Benchmark contract (v0.4.17)¶

Intent¶

This page defines the locked benchmark methodology for crushr.

It describes the measurement contract used to evaluate compression, packing, and extraction behavior. It does not redefine product guarantees, recovery vocabulary, or operator-facing trust classes.

Guarantees¶

Benchmark runs are attributable to dataset, command, comparator, and environment
Preservation profile is explicit for every crushr benchmark run
Results are recorded exactly as observed
Missing metrics are reported explicitly rather than silently omitted
Benchmark methodology remains reproducible and reviewable

Behavior¶

Principles¶

Benchmarks must be reproducible.
Benchmark runs must be attributable to dataset, tool/profile, command, and environment.
Preservation profile must be explicit for every crushr run.
Results are recorded exactly as observed; no silent exclusions.

Dataset classes¶

Deterministic datasets are generated through the canonical harness entrypoint:

scripts/benchmark/harness.py datasets

Legacy direct script paths (generate_datasets.py, run_benchmarks.py) are compatibility shims; use harness.py for reproducible operations and documentation parity.

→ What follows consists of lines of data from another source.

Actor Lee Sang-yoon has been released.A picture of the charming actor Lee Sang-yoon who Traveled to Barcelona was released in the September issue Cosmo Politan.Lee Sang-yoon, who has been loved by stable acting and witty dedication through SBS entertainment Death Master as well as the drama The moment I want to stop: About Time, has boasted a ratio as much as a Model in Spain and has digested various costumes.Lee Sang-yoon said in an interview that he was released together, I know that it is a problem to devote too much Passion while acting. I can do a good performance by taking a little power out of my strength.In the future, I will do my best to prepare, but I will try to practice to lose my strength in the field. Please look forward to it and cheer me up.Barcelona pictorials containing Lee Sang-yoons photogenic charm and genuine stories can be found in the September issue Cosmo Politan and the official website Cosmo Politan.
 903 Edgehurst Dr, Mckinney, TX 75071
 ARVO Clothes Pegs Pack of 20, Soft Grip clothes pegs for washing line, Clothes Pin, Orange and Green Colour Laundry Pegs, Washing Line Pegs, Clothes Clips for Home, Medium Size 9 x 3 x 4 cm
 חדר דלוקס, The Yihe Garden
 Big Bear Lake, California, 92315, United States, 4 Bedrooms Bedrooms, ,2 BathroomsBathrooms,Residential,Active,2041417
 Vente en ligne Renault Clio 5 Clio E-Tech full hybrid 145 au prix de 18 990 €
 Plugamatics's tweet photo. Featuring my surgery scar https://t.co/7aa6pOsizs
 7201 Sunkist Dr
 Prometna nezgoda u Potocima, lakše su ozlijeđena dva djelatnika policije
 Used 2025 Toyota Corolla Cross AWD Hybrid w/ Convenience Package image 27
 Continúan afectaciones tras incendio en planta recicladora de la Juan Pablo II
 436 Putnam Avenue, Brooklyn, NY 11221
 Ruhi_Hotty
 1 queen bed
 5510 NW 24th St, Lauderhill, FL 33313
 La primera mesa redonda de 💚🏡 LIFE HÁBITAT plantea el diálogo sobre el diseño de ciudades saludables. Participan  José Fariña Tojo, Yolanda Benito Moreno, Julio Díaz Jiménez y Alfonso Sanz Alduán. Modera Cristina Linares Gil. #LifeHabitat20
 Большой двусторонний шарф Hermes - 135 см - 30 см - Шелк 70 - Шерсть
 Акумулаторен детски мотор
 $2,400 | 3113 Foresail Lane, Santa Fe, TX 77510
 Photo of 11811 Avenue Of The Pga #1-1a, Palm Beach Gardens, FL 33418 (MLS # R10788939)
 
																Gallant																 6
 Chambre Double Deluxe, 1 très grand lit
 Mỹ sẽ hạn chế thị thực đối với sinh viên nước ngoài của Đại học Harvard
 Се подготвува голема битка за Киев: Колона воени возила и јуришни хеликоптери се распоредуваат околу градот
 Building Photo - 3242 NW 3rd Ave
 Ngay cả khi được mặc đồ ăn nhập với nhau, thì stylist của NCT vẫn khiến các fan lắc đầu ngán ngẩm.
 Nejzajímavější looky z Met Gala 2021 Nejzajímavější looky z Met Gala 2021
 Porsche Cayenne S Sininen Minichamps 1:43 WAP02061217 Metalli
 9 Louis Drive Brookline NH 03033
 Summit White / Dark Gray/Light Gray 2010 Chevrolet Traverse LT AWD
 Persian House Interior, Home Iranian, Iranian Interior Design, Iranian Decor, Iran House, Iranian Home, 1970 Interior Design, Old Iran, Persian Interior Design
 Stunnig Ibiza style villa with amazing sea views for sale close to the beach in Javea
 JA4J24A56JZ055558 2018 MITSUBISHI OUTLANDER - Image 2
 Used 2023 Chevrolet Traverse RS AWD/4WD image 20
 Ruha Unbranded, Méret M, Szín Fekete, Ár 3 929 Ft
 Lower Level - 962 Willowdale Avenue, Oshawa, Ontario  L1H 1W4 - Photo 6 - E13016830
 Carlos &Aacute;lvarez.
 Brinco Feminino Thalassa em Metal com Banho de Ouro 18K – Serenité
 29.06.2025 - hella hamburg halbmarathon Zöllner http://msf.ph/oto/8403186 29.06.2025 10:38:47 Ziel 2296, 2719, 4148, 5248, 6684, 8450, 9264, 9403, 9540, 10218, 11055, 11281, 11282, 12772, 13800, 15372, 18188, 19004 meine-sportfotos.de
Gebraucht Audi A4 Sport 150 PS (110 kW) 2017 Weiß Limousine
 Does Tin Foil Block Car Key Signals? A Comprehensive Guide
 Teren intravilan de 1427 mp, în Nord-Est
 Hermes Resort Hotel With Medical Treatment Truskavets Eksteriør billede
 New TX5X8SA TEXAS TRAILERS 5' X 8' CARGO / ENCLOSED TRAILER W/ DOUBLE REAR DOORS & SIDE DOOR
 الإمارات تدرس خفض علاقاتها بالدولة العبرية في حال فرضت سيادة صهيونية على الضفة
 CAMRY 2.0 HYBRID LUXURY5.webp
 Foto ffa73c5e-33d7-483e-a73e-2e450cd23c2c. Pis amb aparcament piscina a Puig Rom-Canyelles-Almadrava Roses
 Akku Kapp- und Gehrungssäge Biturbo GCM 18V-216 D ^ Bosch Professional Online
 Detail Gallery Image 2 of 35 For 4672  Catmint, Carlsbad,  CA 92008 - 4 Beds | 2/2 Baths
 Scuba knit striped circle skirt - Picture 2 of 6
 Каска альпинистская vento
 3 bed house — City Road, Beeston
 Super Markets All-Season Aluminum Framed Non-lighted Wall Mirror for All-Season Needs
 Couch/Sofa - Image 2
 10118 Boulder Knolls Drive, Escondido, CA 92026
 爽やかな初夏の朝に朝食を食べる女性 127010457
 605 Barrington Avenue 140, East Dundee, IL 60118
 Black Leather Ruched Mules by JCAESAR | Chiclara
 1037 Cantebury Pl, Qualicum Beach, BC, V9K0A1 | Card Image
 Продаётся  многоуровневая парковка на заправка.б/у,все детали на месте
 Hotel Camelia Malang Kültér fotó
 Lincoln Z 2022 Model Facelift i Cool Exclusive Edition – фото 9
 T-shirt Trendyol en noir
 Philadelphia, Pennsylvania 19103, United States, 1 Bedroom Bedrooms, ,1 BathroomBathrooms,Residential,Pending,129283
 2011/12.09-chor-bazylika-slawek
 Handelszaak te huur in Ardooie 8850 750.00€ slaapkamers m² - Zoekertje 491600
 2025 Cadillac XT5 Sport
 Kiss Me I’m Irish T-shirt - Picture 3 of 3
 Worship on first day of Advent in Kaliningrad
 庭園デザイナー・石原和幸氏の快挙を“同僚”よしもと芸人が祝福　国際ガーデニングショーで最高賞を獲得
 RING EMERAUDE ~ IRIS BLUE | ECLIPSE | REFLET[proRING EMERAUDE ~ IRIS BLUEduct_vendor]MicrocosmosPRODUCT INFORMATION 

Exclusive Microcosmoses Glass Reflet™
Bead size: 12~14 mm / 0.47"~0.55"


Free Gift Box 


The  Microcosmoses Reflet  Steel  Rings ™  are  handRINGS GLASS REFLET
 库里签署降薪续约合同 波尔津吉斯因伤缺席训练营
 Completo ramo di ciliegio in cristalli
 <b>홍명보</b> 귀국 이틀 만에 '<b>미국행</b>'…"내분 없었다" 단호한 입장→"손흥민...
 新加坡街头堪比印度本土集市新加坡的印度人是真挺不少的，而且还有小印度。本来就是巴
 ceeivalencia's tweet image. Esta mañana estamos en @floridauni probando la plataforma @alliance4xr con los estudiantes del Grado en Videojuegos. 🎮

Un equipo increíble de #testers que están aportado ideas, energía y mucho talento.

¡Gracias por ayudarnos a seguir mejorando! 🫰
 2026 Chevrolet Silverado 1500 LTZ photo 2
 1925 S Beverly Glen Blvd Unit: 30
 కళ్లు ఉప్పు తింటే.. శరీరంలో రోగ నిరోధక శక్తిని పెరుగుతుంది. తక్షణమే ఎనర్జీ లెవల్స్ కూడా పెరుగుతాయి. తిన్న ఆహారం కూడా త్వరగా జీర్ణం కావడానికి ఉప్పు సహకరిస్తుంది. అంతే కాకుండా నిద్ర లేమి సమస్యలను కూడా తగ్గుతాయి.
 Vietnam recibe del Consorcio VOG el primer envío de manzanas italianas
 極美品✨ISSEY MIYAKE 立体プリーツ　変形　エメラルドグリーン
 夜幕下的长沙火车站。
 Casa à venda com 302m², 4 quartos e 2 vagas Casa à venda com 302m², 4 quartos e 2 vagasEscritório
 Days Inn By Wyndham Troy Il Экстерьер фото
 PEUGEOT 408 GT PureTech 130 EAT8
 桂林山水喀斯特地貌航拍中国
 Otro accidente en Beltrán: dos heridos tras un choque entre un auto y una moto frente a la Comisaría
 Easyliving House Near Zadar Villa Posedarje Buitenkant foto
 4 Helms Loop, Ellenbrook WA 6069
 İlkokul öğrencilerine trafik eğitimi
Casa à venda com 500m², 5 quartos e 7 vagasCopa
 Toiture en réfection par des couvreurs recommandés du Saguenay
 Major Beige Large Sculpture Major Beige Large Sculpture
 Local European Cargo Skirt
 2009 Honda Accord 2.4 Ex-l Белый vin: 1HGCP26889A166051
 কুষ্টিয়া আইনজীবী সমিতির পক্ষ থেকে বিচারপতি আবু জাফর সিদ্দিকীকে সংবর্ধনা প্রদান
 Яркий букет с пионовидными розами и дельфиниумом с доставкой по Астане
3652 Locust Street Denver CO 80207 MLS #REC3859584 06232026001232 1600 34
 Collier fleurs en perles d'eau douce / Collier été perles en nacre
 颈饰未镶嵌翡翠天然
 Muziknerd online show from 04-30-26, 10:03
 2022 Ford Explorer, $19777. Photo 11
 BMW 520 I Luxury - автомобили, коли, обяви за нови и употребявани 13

Generated under .bench/datasets/:

small_mixed_tree
hundreds to low thousands of files
mixed file sizes
empty directories
symlinks
xattrs when supported by host/filesystem
medium_realistic_tree
tens of thousands of files
mixed text/binary content
nested project-like trees
large_stress_tree
high file count plus repeated large binaries
designed to surface scaling behavior and memory pressure

Determinism controls:

fixed generation seed
deterministic payload bytes from digest expansion
fixed mtime for generated files/directories
emitted dataset_manifest.json with counts and byte totals

Comparison set and commands¶

The benchmark harness executes a centralized comparator set from scripts/benchmark/contract.py.

Baseline (always): - tar + zstd (zstd -3) - tar + xz (xz -3) - crushr pack --preservation full --level 3 - crushr pack --preservation basic --level 3

Optional experiment comparators (enabled via harness flags): - tar + zstd with a deterministic trained dictionary (tar_zstd_dict) - tar + zstd level variants (controlled by --zstd-levels) - tar + zstd strategy variants (controlled by --zstd-strategies) - deterministic file-ordering/locality variants for tar comparators (controlled by --ordering-strategies) - deterministic lightweight content-class clustering for tar comparators (controlled by --content-class-strategy)

The comparator set, zstd level and strategy experiment model, dataset names, dictionary experiment model, and content-class experiment model are centralized and used by both run orchestration and benchmark assumptions fingerprinting.

Ordering experiments are centralized in the same model (lexical, size_ascending, size_descending, extension_grouped, kind_then_extension) and are applied only to tar comparators.

Content-class clustering is benchmark-only and applied only to tar comparators. lightweight_v1 uses file extension plus a small leading-byte sample to classify files into structured_text_like, text_like, binary_like, or unknown_mixed, then keeps deterministic ordering inside each class.

Canonical command forms used by the harness:

tar --sort=name --mtime=@0 --owner=0 --group=0 --numeric-owner --pax-option=delete=atime,delete=ctime --no-recursion --verbatim-files-from -T <ordered_inputs.txt> -I 'zstd -3' -cf <archive.tar.zst>
tar --sort=name --mtime=@0 --owner=0 --group=0 --numeric-owner --pax-option=delete=atime,delete=ctime --no-recursion --verbatim-files-from -T <ordered_inputs.txt> -I 'xz -3' -cf <archive.tar.xz>
crushr pack <dataset> -o <archive.crs> --level 3 --preservation <full|basic> --silent

Extraction command forms:

tar -xf <archive.tar.zst|archive.tar.xz> -C <out_dir>
crushr extract <archive.crs> -o <out_dir> --all --overwrite --silent

Metrics¶

Required:

archive_size_bytes
pack_time_ms (wall clock)
extract_time_ms (wall clock)
peak memory (pack_peak_rss_kb, extract_peak_rss_kb)

Optional (captured when available):

CPU timings (*_user_time_ms, *_sys_time_ms)

Reproducibility steps¶

From repo root:

bash cargo build --release -p crushr python3 scripts/benchmark/harness.py full \ --clean \ --datasets .bench/datasets \ --crushr-bin target/release/crushr \ --content-class-strategy lightweight_v1 \ --output .bench/results/benchmark_results.json

Environment assumptions:

Linux host
GNU tar with --sort / --pax-option
zstd, xz, and time available in PATH
filesystem with symlink support
xattrs are disabled by default (--xattrs off) for host-independent dataset identity
optional xattr-inclusive runs must set --xattrs on, which changes dataset identity and must not be mixed with default results

Pack phase attribution (v0.4.17+)¶

crushr pack supports explicit pack-phase timing output with --profile-pack.

This is attribution-only instrumentation for local investigation. It is not a benchmark-score mode and is never enabled by default.

Expected output shape¶

--profile-pack appends a deterministic phase table after normal pack completion:

text Pack phases discovery <ms> metadata <ms> hashing <ms> compression <ms> emission <ms> finalization <ms>

Limitations¶

Peak RSS and CPU fields depend on the time implementation on the host
xattr coverage is best-effort and may be partial on supporting filesystems only
Raw benchmark outputs are not product claims until reviewed comparatively

Boundaries / Non-goals¶

This page does not define recovery semantics, extraction trust classes, or product identity.

Non-goals:

No best-effort reconstruction
No hidden failure smoothing
No compression-first tradeoffs
No external decode dependencies